XSLT: Delete certain characters from string with nested elements

46 Views Asked by At

I have a sequence of transformations that result with a penultimate output containing a code line of the following structure:

<hi rendition="#rf-Lyricist">
   [Lyricist: <anchor xml:id="w1s"/>Some Name]<anchor xml:id="w1e"/>
</hi>

Transforming the tei:hi element into is not a problem. The square brackets surrounding the text should be transformed into a nested tei:supplied, so the desired result is:

<note type="lyricist">
   <supplied reason="provided-by-editor" cert="1" resp="#NN">
      Lyricist: <anchor xml:id="w1s"/>Some Name<anchor xml:id="w1e"/>
    </supplied>
</note>

I tried several ways of achieving this, inlcuding:

<xsl:template match="tei:body/tei:div[1]/tei:lg/tei:l/tei:hi[(@rendition='#rf-Lyricist')]">
    <!-- This method deletes all tei:anchor within the lyricist line. -->
    <xsl:analyze-string select="." regex="\[.*\]">
        <xsl:matching-substring>
            <xsl:element name="note" namespace="http://www.tei-c.org/ns/1.0">
                <xsl:attribute name="type">
                    <xsl:value-of select="'lyricist'"/>
                </xsl:attribute>
                    <xsl:element name="supplied" namespace="http://www.tei-c.org/ns/1.0">
                    <xsl:attribute name="reason">
                        <xsl:value-of select="'provided-by-editor'"/>
                    </xsl:attribute>
                    <xsl:attribute name="cert">
                        <xsl:value-of select="'1'"/>
                    </xsl:attribute>
                    <xsl:attribute name="resp">
                        <xsl:value-of select="'#ND'"/>
                    </xsl:attribute>
                    <xsl:value-of select="translate(., '[]', '')"/>
                </xsl:element>
            </xsl:element>
        </xsl:matching-substring>
    </xsl:analyze-string>
</xsl:template>

I always get a result, where not only the square brackets, but also the tei:anchor elements are deleted, such as:

<note type="lyricist">
   <supplied reason="provided-by-editor" cert="1" resp="#ND">
      Lyricist: Some Name
   </supplied>
</note>

The same method for replacing square brackets works perfectly well within a text node that has no further elements inside.

1

There are 1 best solutions below

0
Martin Honnen On

To implement "The square brackets surrounding the text should be transformed into a nested [..]supplied" I would use e.g.

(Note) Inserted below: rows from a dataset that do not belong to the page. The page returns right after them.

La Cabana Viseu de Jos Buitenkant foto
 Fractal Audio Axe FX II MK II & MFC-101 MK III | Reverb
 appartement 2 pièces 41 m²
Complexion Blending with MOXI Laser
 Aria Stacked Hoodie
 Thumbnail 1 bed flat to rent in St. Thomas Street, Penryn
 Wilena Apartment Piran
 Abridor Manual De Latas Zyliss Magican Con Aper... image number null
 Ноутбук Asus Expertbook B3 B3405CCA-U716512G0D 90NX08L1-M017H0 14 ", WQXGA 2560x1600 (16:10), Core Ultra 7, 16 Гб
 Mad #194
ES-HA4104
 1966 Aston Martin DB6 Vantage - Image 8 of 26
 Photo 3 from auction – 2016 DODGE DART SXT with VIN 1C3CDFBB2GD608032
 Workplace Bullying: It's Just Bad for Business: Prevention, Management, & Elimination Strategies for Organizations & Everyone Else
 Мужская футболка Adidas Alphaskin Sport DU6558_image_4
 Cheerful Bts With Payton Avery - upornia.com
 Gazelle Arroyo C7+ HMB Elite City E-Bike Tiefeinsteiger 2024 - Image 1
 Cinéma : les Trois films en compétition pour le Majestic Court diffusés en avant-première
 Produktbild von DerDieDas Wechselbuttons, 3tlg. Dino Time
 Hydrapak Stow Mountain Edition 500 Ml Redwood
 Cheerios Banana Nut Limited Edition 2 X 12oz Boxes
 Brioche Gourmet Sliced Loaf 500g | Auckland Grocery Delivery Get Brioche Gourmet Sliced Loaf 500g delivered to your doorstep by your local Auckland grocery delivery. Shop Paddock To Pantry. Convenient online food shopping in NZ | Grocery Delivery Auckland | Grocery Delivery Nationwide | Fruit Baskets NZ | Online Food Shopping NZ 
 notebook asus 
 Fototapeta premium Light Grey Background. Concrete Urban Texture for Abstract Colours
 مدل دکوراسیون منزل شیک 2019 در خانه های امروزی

<xsl:stylesheet xmlns:xsl="http://www.w3.org/1999/XSL/Transform"
    xmlns:xs="http://www.w3.org/2001/XMLSchema"
    xmlns:fn="http://www.w3.org/2005/xpath-functions"
    exclude-result-prefixes="#all"
    version="3.0">

  <xsl:mode on-no-match="shallow-copy"/>

  <xsl:template match="hi">
    <note type="lyricist">
      <xsl:variable name="content">
        <xsl:apply-templates mode="brackets-to-elements"/>
      </xsl:variable>
      <xsl:for-each-group select="$content/node()" group-starting-with="osb">
        <xsl:choose>
          <xsl:when test="self::osb">
              <xsl:for-each-group select="tail(current-group())" group-ending-with="csb">
                <xsl:choose>
                  <xsl:when test="position() eq 1">
                    <supplied>
                      <xsl:apply-templates select="current-group()[not(position() = last())]"/>
                    </supplied>
                  </xsl:when>
                  <xsl:otherwise>
                    <xsl:apply-templates select="current-group()"/>
                  </xsl:otherwise>
                </xsl:choose>
              </xsl:for-each-group>
          </xsl:when>
          <xsl:otherwise>
            <xsl:apply-templates select="current-group()"/>
          </xsl:otherwise>
        </xsl:choose>
      </xsl:for-each-group>
    </note>
  </xsl:template>
  
  <xsl:mode name="brackets-to-elements" on-no-match="shallow-copy"/>
  
  <xsl:template match="hi//text()" mode="brackets-to-elements">
    <xsl:apply-templates select="analyze-string(., '\[|\]')" mode="analyze"/>
  </xsl:template>
  
  <xsl:template match="fn:match[. = '[']" mode="analyze">
    <osb/>
  </xsl:template>
  
  <xsl:template match="fn:match[. = ']']" mode="analyze">
    <csb/>
  </xsl:template>
  
</xsl:stylesheet>

which is the approach outlined in my comment, that is, to use one pass to find and convert square brackets in text nodes inside of hi elements to elements like e.g. osb and csb and a second pass on that intermediary tree to use standard/classic pairs of `for-each-group group-starting-with="osb"/group-ending-with="csb" to establish the wrapper element.

Output is e.g.

<note type="lyricist">
   <supplied>Lyricist: <anchor xml:id="w1s"/>Some Name</supplied><anchor xml:id="w1e"/>
</note>